「テクノロジーと民主主義は緊張関係にある」
上記の命題を見て、どう思いますか? おそらく、日本語圏と英語圏では温度差があります。
PayPal創業者でFacebookの初期投資家であるピーター・ティールは、「私はもはや、自由と民主主義が両立可能だとは考えていません」と述べ、トランプ支持に走りました。
Netscape創業者でベンチャーキャピタルa16zの創設者マーク・アンドリーセンは「西洋のテクノロジーのチャンピオンであるアメリカ合衆国は、自己への懲罰をすることを決めました。両政党とその選出された代表者は、できる限りの方法でアメリカのテクノロジー産業を徹底的に攻撃しています」と語ります。
シリコンバレーのエコシステムで成功したテック富豪たちは、いまや民主主義で運営される米国政府による規制を敵視するようになっています。
おそらく、日本語のメディアを見ているだけでは、このような緊張はほとんど伝わってこないと思います。
英語圏メディアでは、毎日のようにBig Tech(Google、Meta、Apple、Amazonなど)と社会との摩擦のニュースが流れています。BloombergやロイターやWSJは日本語版もあるので、これらを集中的に見ていればある程度把握出来ると思います。
私たちはデジタルプラットフォームに翻弄され、民主主義の行方は危うくなっています。一方、テクノロジー企業は政府の規制に反発し、放任を求め続けています。
以上のようなストーリーが目新しく感じる人もいるでしょう。逆に聞き飽きたと思っている人もいるかもしれません。

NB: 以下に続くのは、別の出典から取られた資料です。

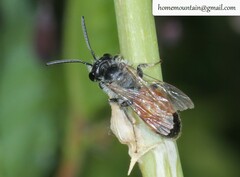 Andrena chrysopus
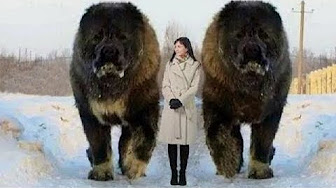 大型犬甘える Youtube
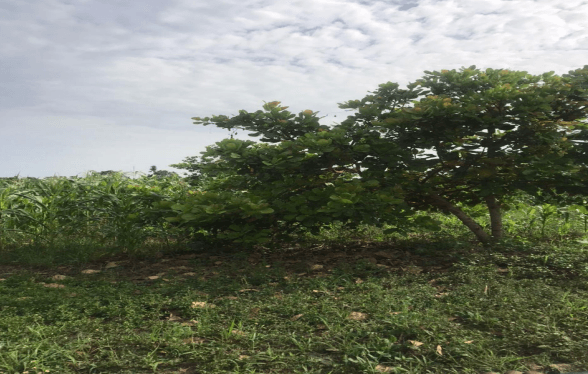 Ghana Productive Safety Net Project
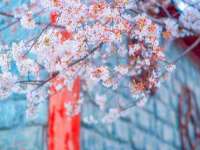 淮安茂渺广告传媒有限公司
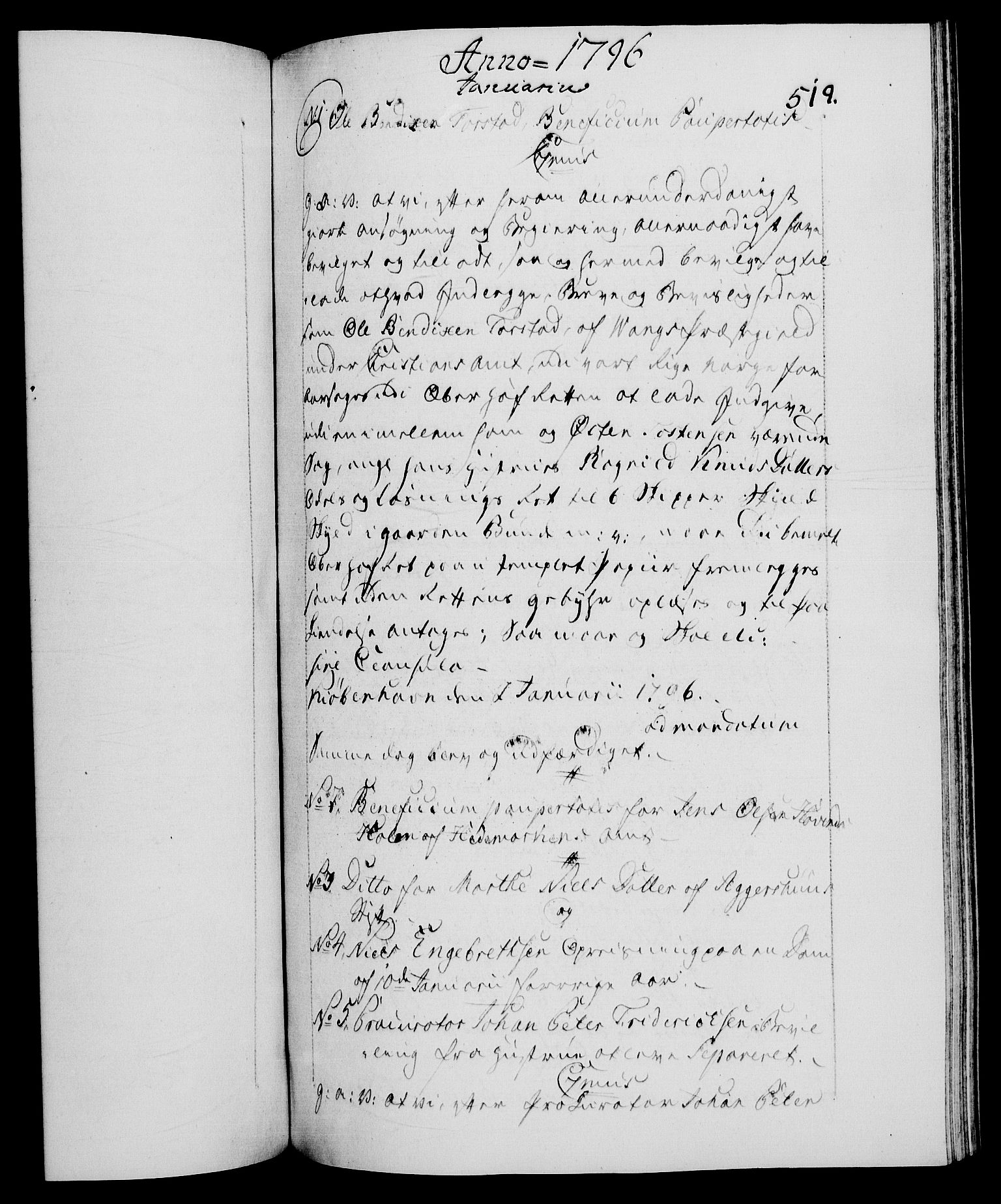 Danske Kanselli 1572-1799, RA/EA-3023/F/Fc/Fca/Fcaa/L0056: Norske registre, 1795-1796, s. 519a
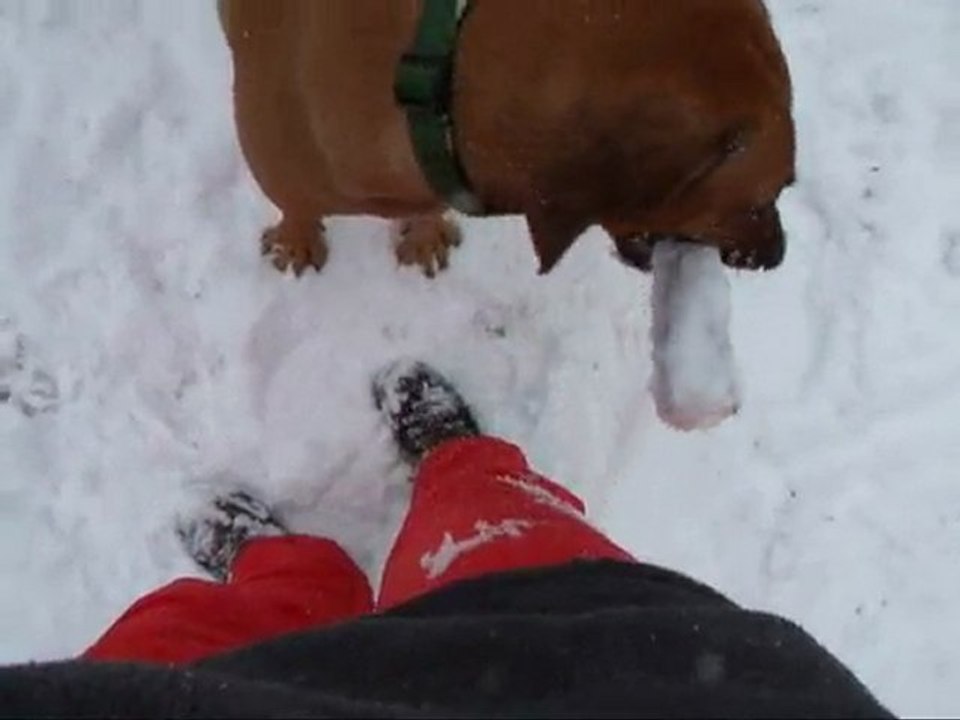 08-01-2010 cilda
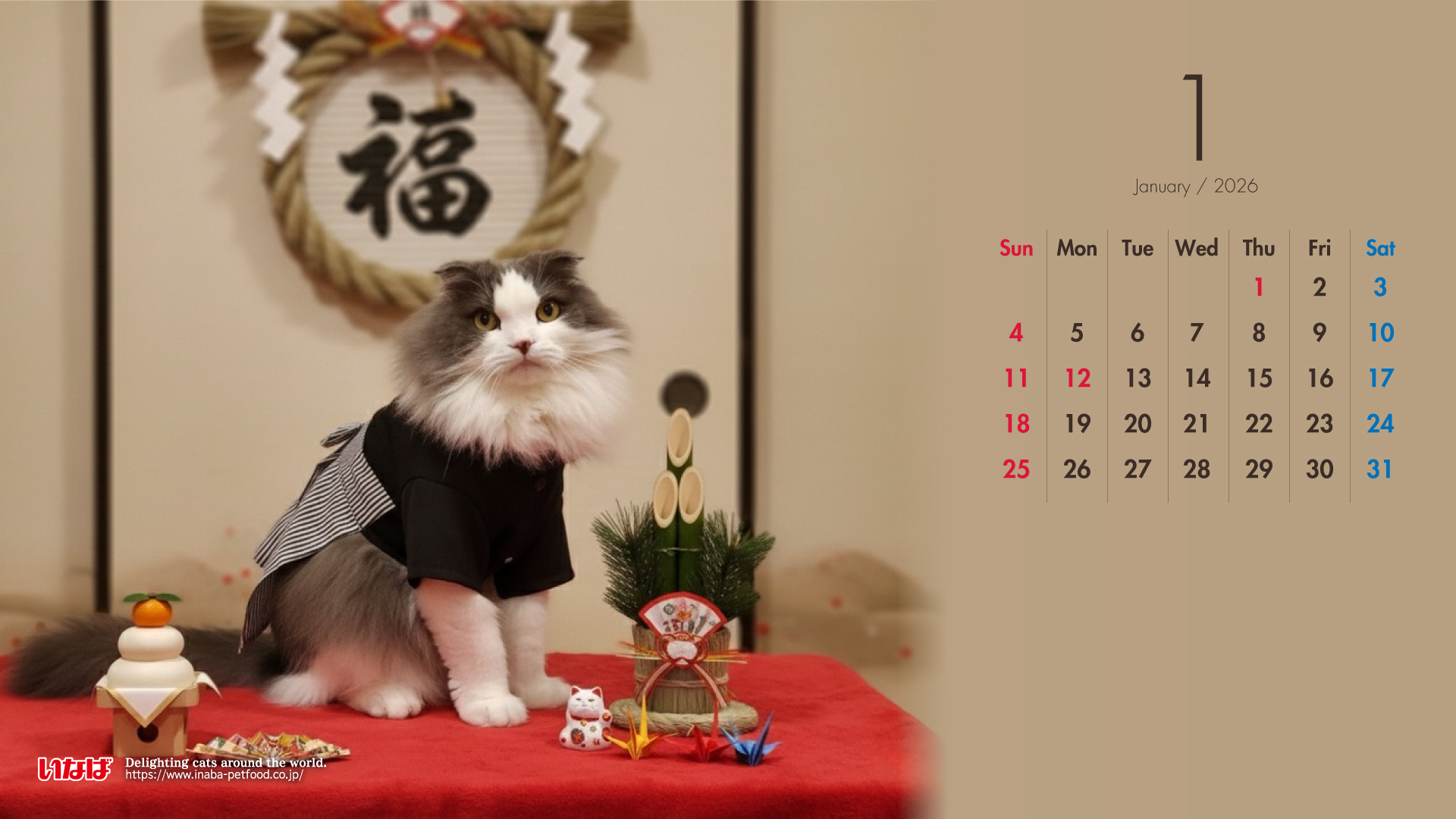 2026年1月猫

ひとついえることは、これは「私たち全員に関わる問題である」ということです。
民主主義がテクノロジー企業のプラットフォームで歪められているとしたら? そして世界が一握りのテック富豪=テクノ封建領主が専制君主のように振る舞う「テクノ封建制」に向かっているとしたら? 自由な市場は問題を解決できず、むしろ助長しています。
私たちになにができるのか?
少なくとも、私たちはまず問題を把握して、思考する必要があると思っています。